Emily, like her father, had been devastated by the loss of her brother and mother. J. Arthur had noticed Emily’s fragile mental state and the extensive traveling the two did together in the years before her suicide were meant to alleviate her pain.
A devastated, exhausted J. Arthur spent the next year in Boston. On the evening of November 28, 1914, while eating dinner at the famous Plaza Hotel, he died suddenly from heart failure.

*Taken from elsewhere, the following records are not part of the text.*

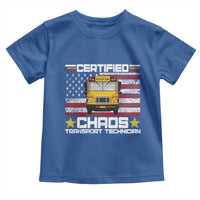 Certified Chaos Transport Technician Toddler T Shirt Patriotic School Bus Driver USA American Flag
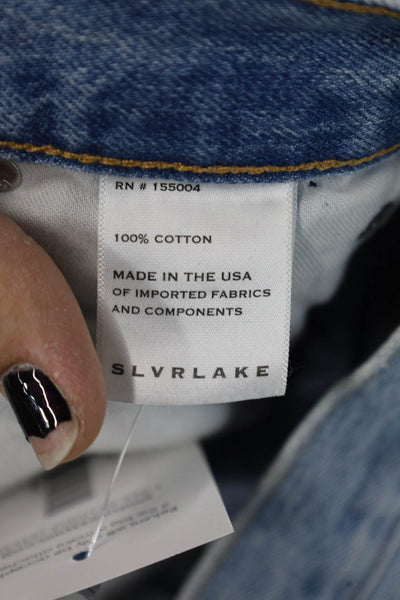 Slvrlake Women Boyfriend Cropped Jeans Blue High Rise Size 25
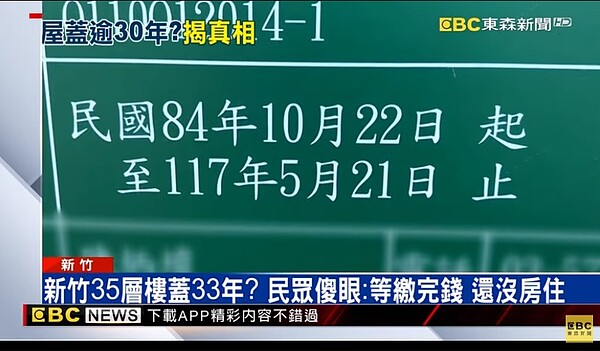 新竹一間住宅大樓的施工期間算一算大約33年,從民國84年開始,預計蓋完會是117年。圖/擷取自東森新聞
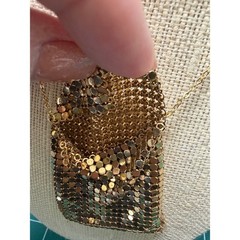 Vintage Gold Mesh Pouch Pendant Necklace Miniature Bag Statement Jewelry 32 In
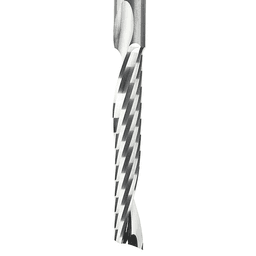 1/4" x 3" x 1-1/2" Up-Cut 'O' Plastic Cutting CNC Spiral Router Bit, 1-Flute, 1/4" Shank - Alt Image 1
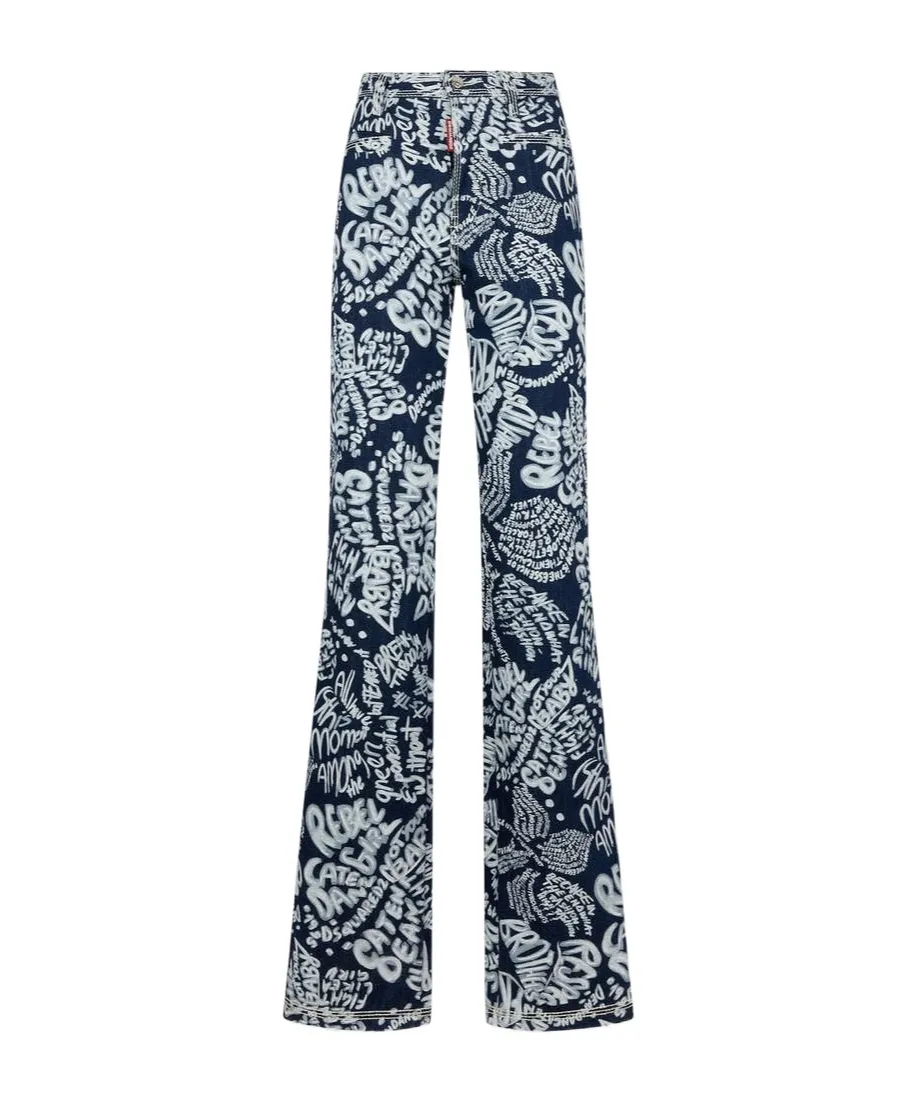 Dsquared2 Dalma Allover Printed Straight-Leg Jeans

Fellow Harvard classmate William S. Hall remembers J. Arthur in the following quote: “Very few in private life had a wider circle of acquaintance. Not many realized that his manner, blithe and debonair, was a veil over tragedies in life that are called upon to bear. Under the staggering blows which Fate dealt him, he carried himself with manly courage to the end, but with a breaking heart.”
Life was equally challenging for J. Arthur’s youngest child. Charles Philip Beebe had a normal childhood, but would eventually succumb to the mental illness that seems to have plagued the family. Philip, as he preferred to go by, attended Harvard, as did many Beebe men, but left after two years to travel to Europe. Upon his return, Philip purchased a farm in Mount Hood, Oregon, in 1910, and didn’t return to Boston until after his father’s death in 1914.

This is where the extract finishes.